Reforming Social Security and Medicare are part of the spending reduction Republicans are advocating for the country.

Changing Social Security from a mandated spending program to a discretionary one would require Congress to approve money each year, according to some Republican lawmakers.

Meanwhile, House Republicans want to raise the age at which seniors can apply for both Social Security and Medicare benefits to 70. They claim that this is done to reduce spending on the programs, while also aligning the program with increases in longevity by reducing the number of years that seniors are eligible for these benefits.

Currently, Americans who turn 65 can enroll in Medicare, the federal government's senior health care program.

The proposed idea would require seniors to wait until they turned 70 before becoming eligible for the program. Additionally, the full retirement age for Social Security would rise from the current range of 66 to 67 years old to 70 years old.

According to analysts, this might lead to a rise in senior poverty as well as higher out-of-pocket medical expenses for those between the ages of 65 and 70 who would be denied access to Medicare.

The Secure Act 2.0's possible passage may be retirement's lone bright spot.

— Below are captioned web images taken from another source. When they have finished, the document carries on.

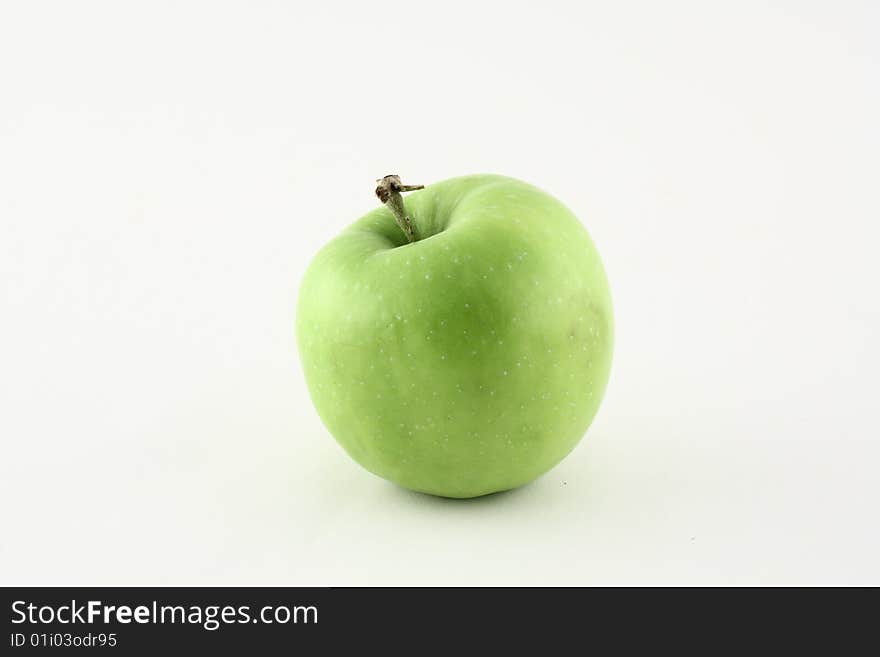 A fresh green apple on a white background. A fresh green apple on a white background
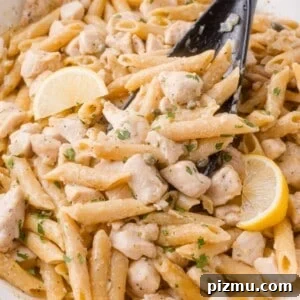 One-Pan Chicken Piccata Pasta with Lemon and Capers 18 Penne chicken piccata pasta with diced chicken, lemon wedges, and herbs, mixed in a creamy sauce, served in a white dish with a black serving spoon.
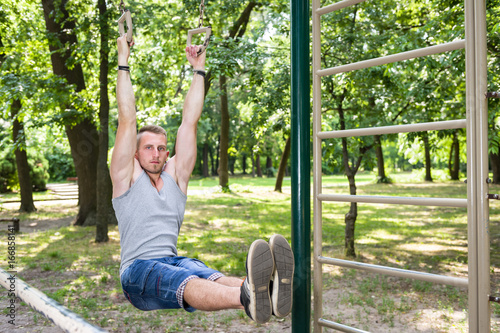 young street workout man exercise in a park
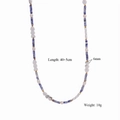 Dettaglio della collana fatta a mano con occhio di tigre, perle e un cuore marmorizzato - Perline a Cuore Marmo (Style 4)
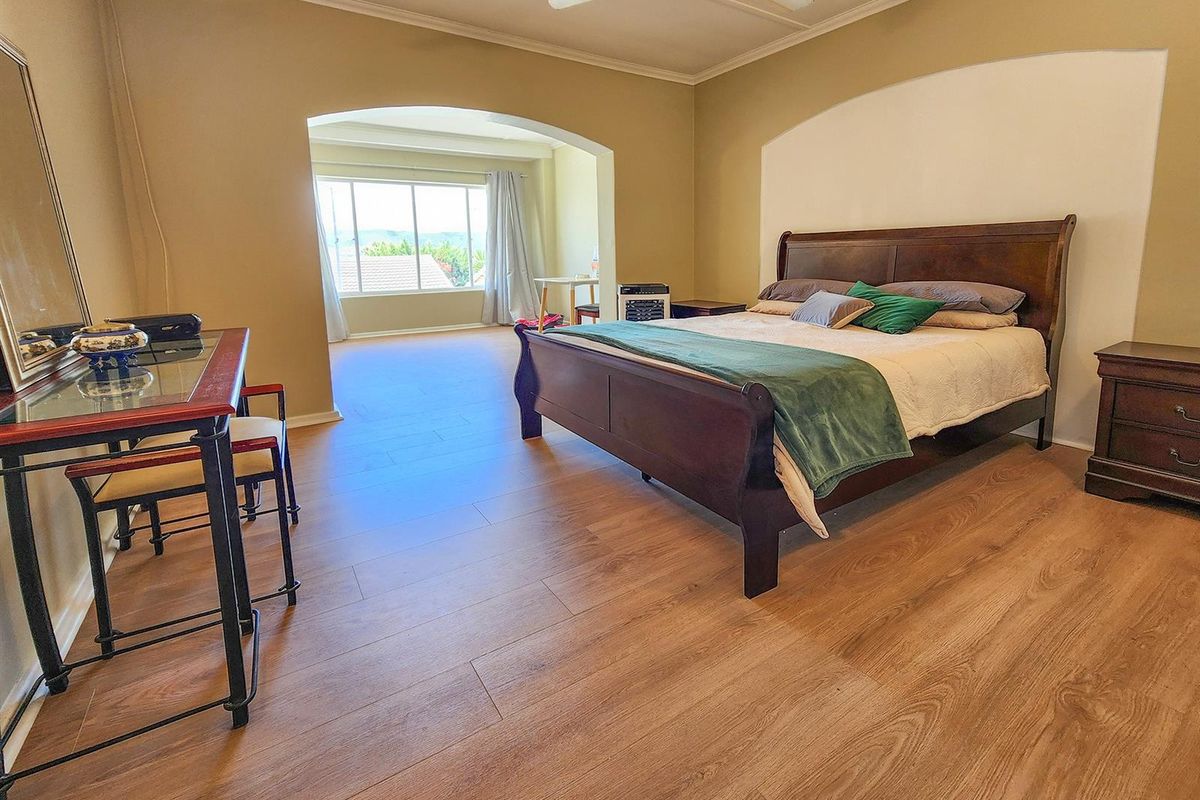 Spacious bedroom featuring wood-look flooring, a ceiling fan, and an adjoining sunroom area with large windows providing natural light and views.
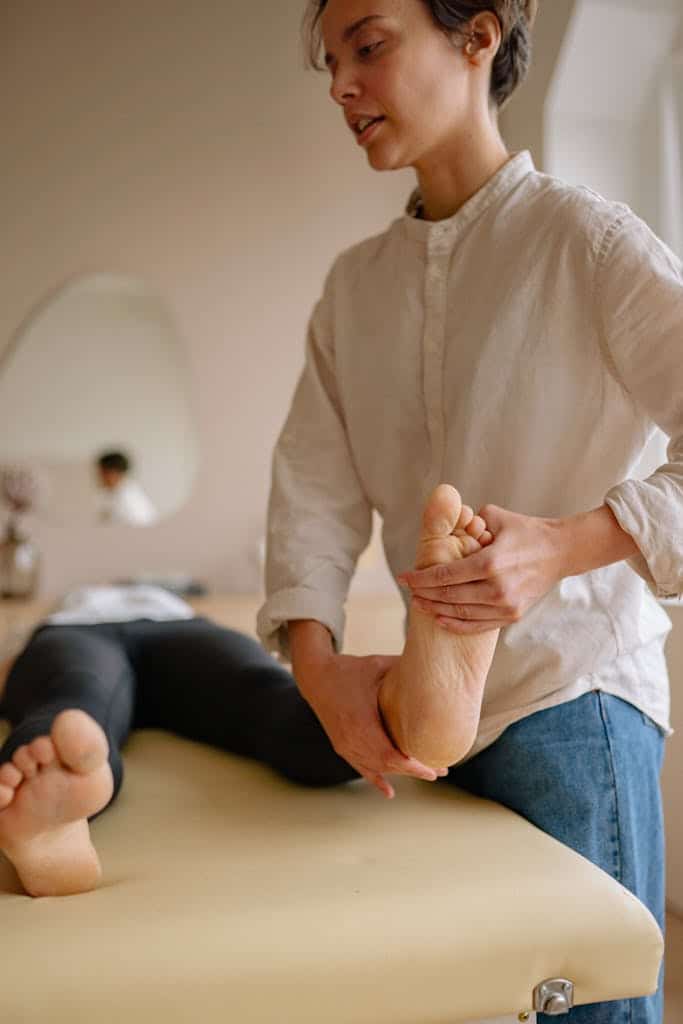 Massage therapist performing deep tissue massage showing hand and forearm engagement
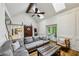 Bright living room with vaulted ceiling, skylights, hardwood floors, and access to the back patio at 5524 Wedgewood Sw Ct, Lilburn, GA 30047
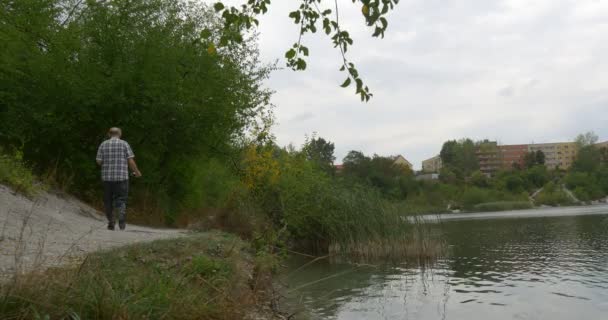 L'anziano uomo anziano sta camminando lungo il sentiero lungo il fiume Lago Ondeggiante acqua Case rosse Edifici presso la riva opposta sulla collina verdi freschi cespugli — Video Stock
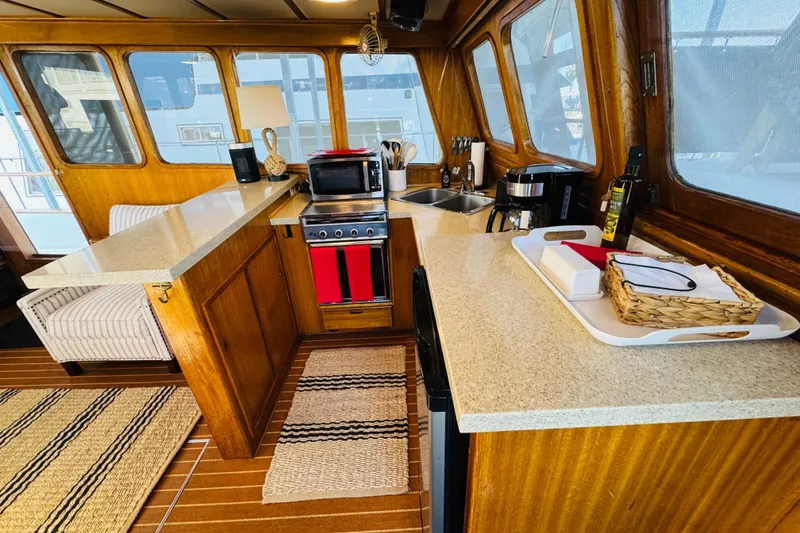 Slide: The Image of 1978 Californian 42 LRC yacht interior with wooden cabinetry and modern kitchen amenities. - 27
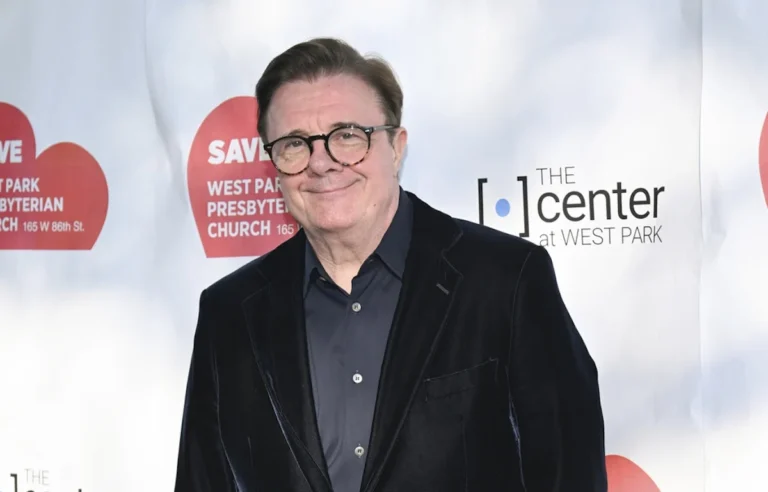 Nathan Lane smiles in a black jacket at an event with "The Center at West Park" logo.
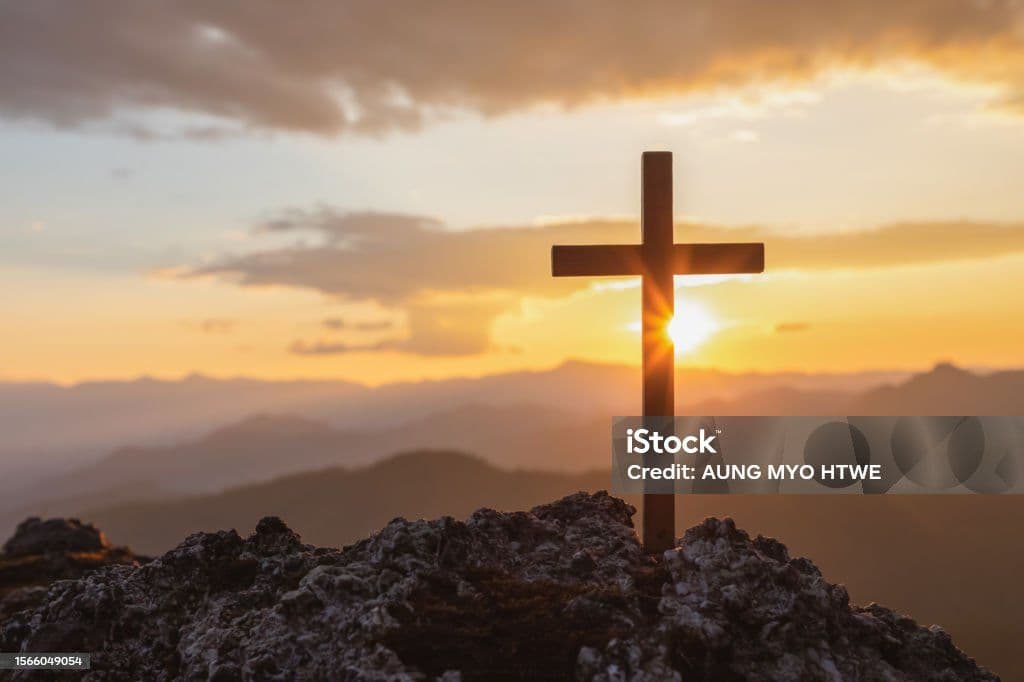 cross on top of mountain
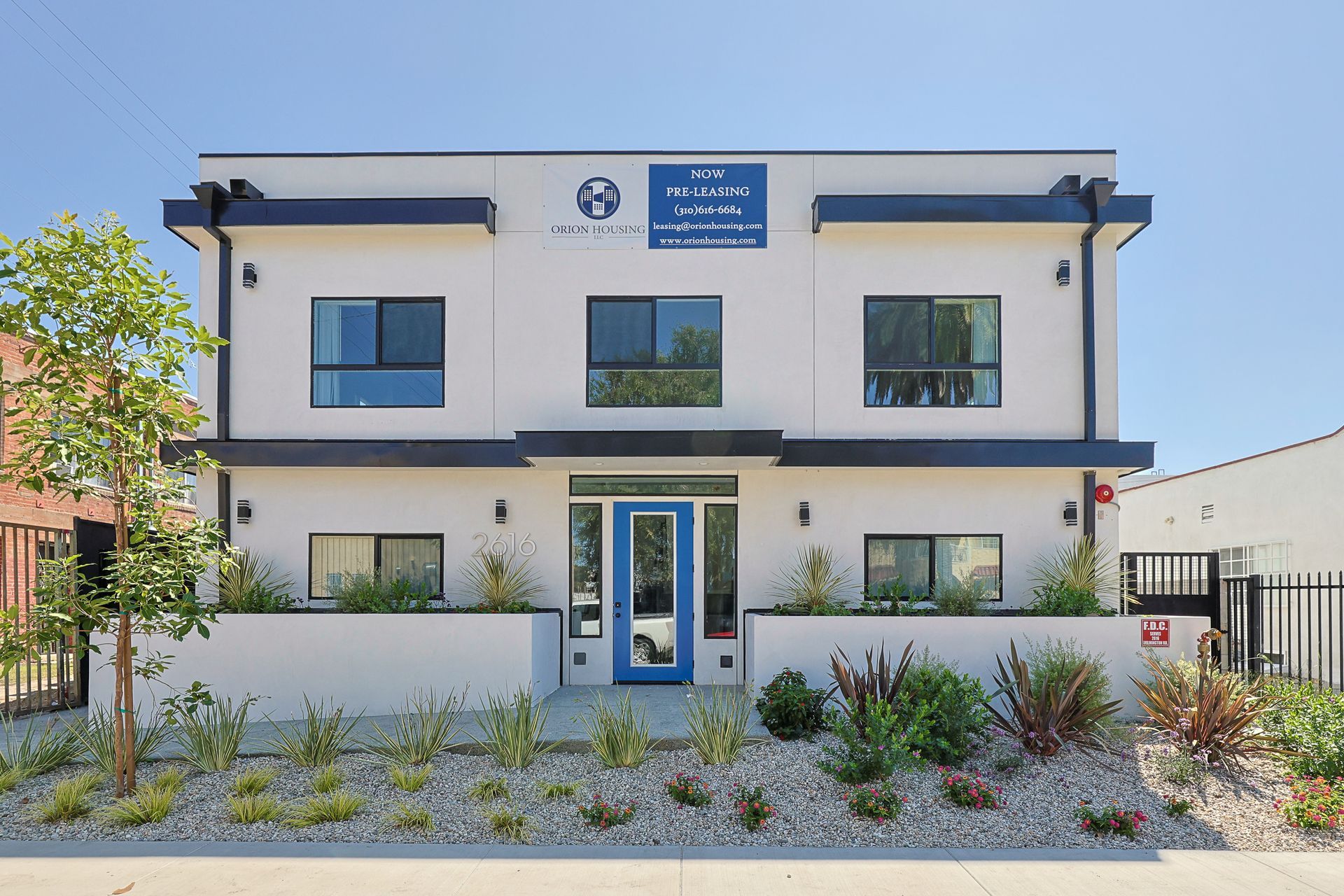 This image showing a beautiful double story house in a blue and offwhite color with a small garden in front of him.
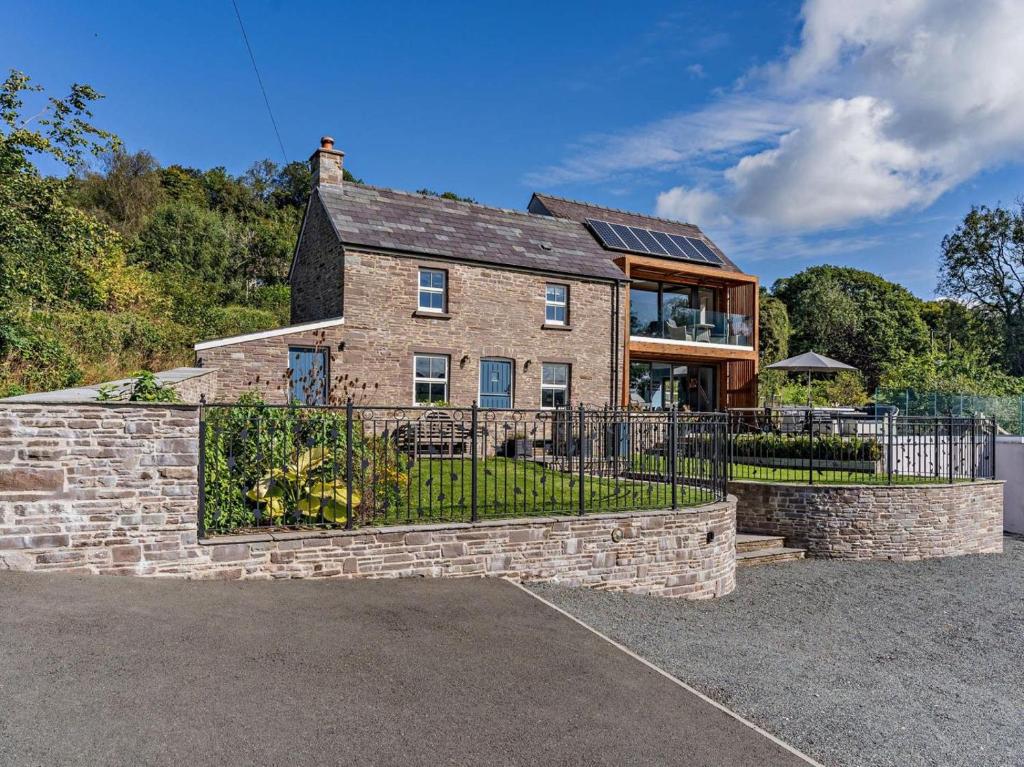 a large brick house with a fence in front of it at 4 Bed in Brecon oc-90596 in Bwlch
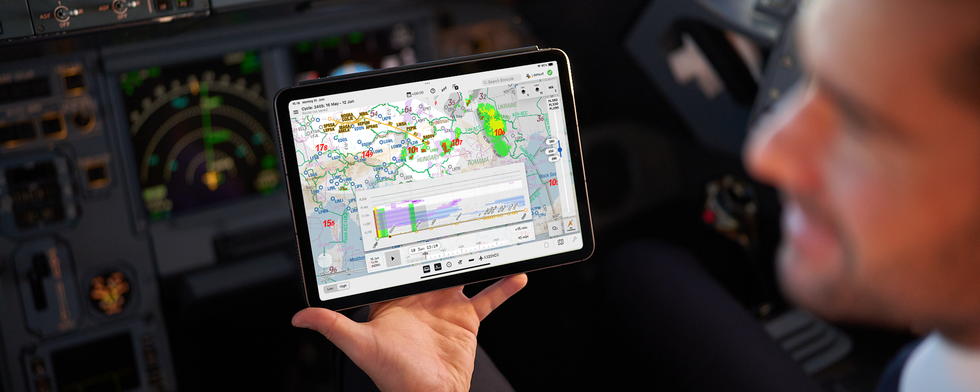 Pilot holding screen in cockpit with Lido mPilot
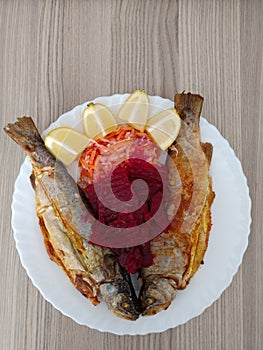 Fish on a plate for lunch - healthy meal photo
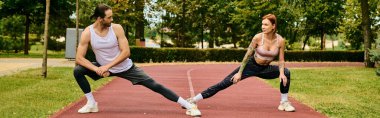 Spor giyimli bir kadın, spor eğitmeninin rehberliğinde, dışarıda sakin bir park ortamında çalışırken azim ve motivasyon gösteriyor..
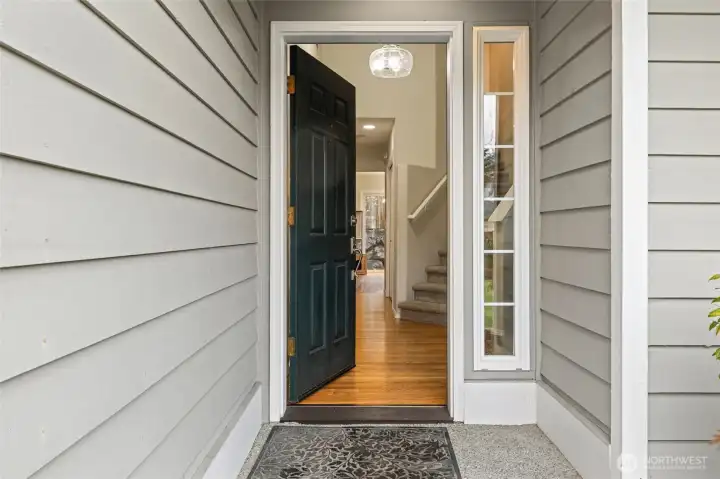 Welcome to Your Cobblestone Sanctuary!  Step inside and feel the immediate lift of soaring vaulted ceilings and natural light that define this move-in-ready gem.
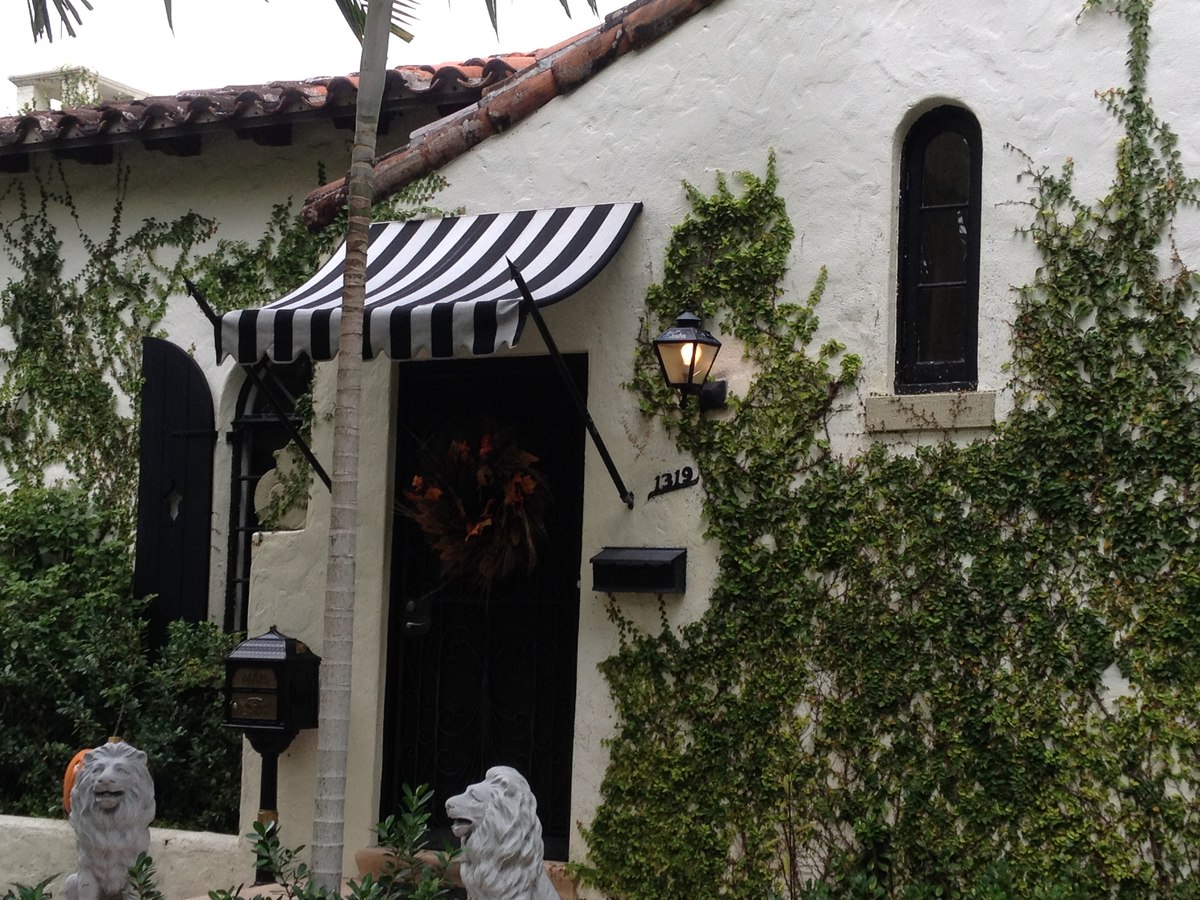 Black-and-white striped fabric awning above a Spanish-tile-roof entry door of an ivy-covered Mediterranean cottage.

The proposal, which is timely given that nearly half of older employees have no retirement savings, attempts to improve Americans' readiness for retirement.

According to a recent analysis, this bill "would increase retirement-savings tax incentives, primarily by easing restrictions on required minimum distributions and by streamlining small business sign-ups."

Given that it has support from both parties, if the law doesn't pass in the current lame-duck Congress, it will probably be taken up and enacted in 2023.



Final Word

Elections have always had implications for finance.

Financial implications are one of the key factors people weigh before deciding how to cast their votes.

As such, understanding the implications of government fiscal policies, knowing how to navigate the potential fiscal risks, and taking advantage are skills you need to develop if you want to preserve your wealth in the long term.